Nothing in the proposal by Rep. Eddie Farnsworth, R-Gilbert, alters the process that allows individuals to seek protection from creditors. Those are set in federal law.
But that same federal law allows each state to decide what those declaring bankruptcy can keep. And Farnsworth said that list for Arizona is long overdue for an overhaul.
The big problem, he said, is that it is far too specific.
Consider: The Arizona law allows debtors to keep one kitchen table and one dining room table with four chairs each. They can keep additional chairs if there are more than four in the house.
The list of permissible items also includes three living room lamps, one radio alarm clock, one vacuum cleaner and a choice of one television set, radio or stereo.
And the total value of all that cannot exceed $4,000.
HB 2325 would keep that $4,000 limit for household items. But it strikes the specifics of what can be included to give those in bankruptcy some individual choices in deciding what's important to them.
"One person may have a hutch from their great grandmother that they want,'' Farnsworth explained.
"Somebody else may have a clock that's important, or two clocks that are family heirlooms,'' he continued. "This just gives them flexibility within the already established cap on exempted property.''
Another section of existing law gets into other kinds of items that are off-limits to creditors.
Individuals can keep all their musical instruments -- but only up to a fair market value of $200. Farnsworth's legislation would double that figure.
Ditto for an allowance for all engagement and wedding rings, with the new cap on their total value proposed to go to $2,000.
The law even deals with domestic pets, horses, milk cows and poultry. These now can be shielded from bankruptcy if they're worth no more than $500; Farnsworth's legislation moves that figure to $800.
And an individual would be able to have up to $6,000 equity in a motor vehicle, up by $1,000, and $300 in a bank account, double the current limit.
Finally, Farnsworth wants to bring Arizona's law into the 21st century -- or at least the late 20th century.
As the statute now exists, individuals can keep one typewriter, one bicycle, one sewing machine, a family Bible, a lot in any burial ground and one shotgun, rifle or pistol, though there is an aggregate limit on value of $500. HB 2325 would not only update that total figure to $1,000 but add one other thing to that list: a computer.
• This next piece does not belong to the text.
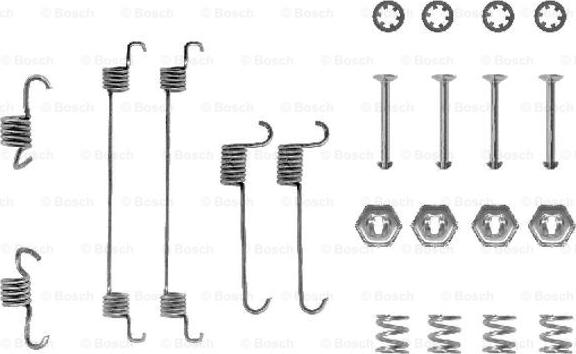 BOSCH 1.987.475.220 -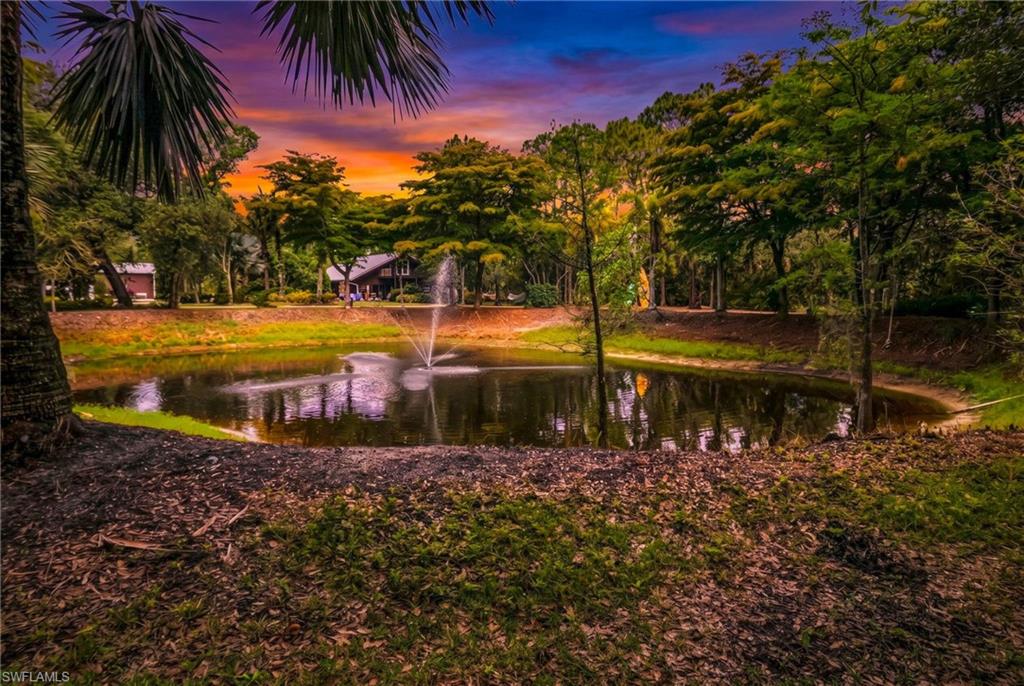 BAYSHORE ESTATES SUBDIVISION - Residential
And that may not be the last word.
Farnsworth acknowledged that there is another piece of technology which has become indispensible for many -- and is a tool they may need to seek and keep a job: a cell phone. He said the legislation could be altered as it goes through the hearing process.
Another update being proposed to the law relates to the idea of being employed.
The law already exempts tools, equipment, instruments and books used in a debtor's business, up to a value of $2,500. Farnsworth not only seeks to double that figure, but he wants that exemption to include something else that might have value: telephone numbers or client contact information.
Not everything in the list of what debtors can keep has a dollar value attached. Someone seeking protection from creditors also can keep a professionally prescribed artificial limb or a wheelchair.